Monthly Archives: December 2018

New Resources and Waste Strategy: what it means for you and your business

On the 18th December 2018, the UK Environment Secretary, Michael Gove, unveiled the Resources and Waste Strategy.

It aims to eliminate avoidable plastic waste by making businesses and manufacturers pay the full cost of recycling or disposing of their packaging. This ambitious plan is the first major overhaul of England’s waste system in over a decade, but comes at a price.

There will be a legal responsibility placed on businesses to take greater responsibility over the waste they produce.
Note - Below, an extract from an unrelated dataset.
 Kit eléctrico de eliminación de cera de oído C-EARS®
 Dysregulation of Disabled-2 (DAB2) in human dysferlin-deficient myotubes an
This will include large items, such as cars and electrical goods, as well as smaller items such as plastic waste and batteries.

Businesses will not be the only ones affected by the scheme though: householders will see a positive change to the current recycling system, with government plans outlining a more streamlined, consistent and simplified system to be implemented across the UK.

According to Michael Gove, the strategy “will go further and faster, to reduce, reuse and recycle. … We will cut our reliance on single-use plastics, end confusion over household recycling, tackle the problem of packaging by making polluters pay, and end the economic, environmental and moral scandal that is food waste.”

Businesses and industry will be expected to pay higher fees for products that are harder to recycle, repair or reuse. However, the money raised by this scheme will go back into the recycling and disposal system through “Extended Producer Responsibility (EPR)”, which is predicted to raise between £500million and £1billion a year. EPR also aims to incentivise producer to design products that are easier to re-use, dismantle and/or recycle. This should extend the lifespan of a product and will encourage reform in the UK’s packaging industry.

The government has also proposed an introduction to more consistency in the recyclable materials available for collection, making it easier for businesses to know what products that can use to help reduce their costs. They also want to encourage manufacturers to design products that can last longer, to drive up levels of repair and reuse, and to explore mandatory guarantees and extended warranties on products.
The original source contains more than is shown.